◆ Stored data
========

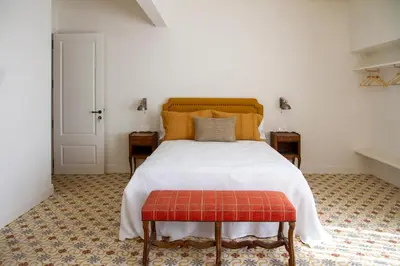 a bedroom with a white bed with a red stool at Bell Plançó B&B in Moià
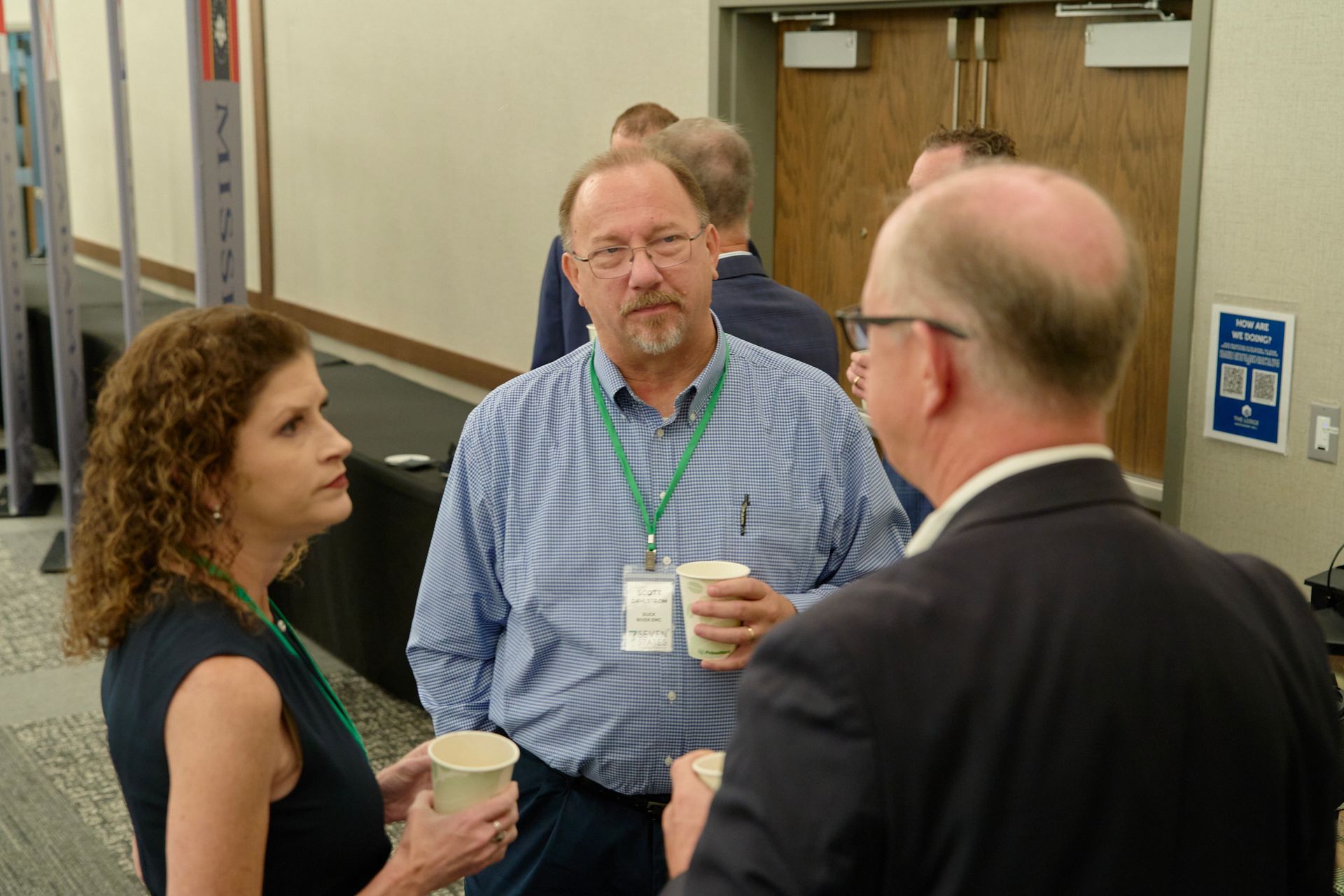 A group of people are standing in a room talking to each other.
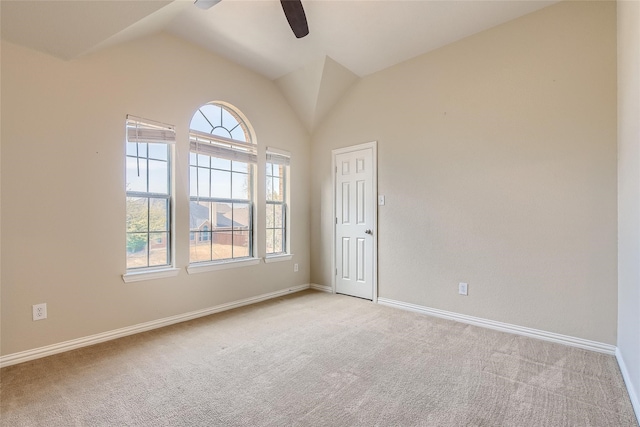 carpeted spare room featuring ceiling fan and lofted ceiling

========

◆ Your objective
Could you give back the full listing word for word, leaving out the images?

◆ Result of this task
 a bedroom with a white bed with a red stool at Bell Plançó B&B in Moià
 A group of people are standing in a room talking to each other.
 carpeted spare room featuring ceiling fan and lofted ceiling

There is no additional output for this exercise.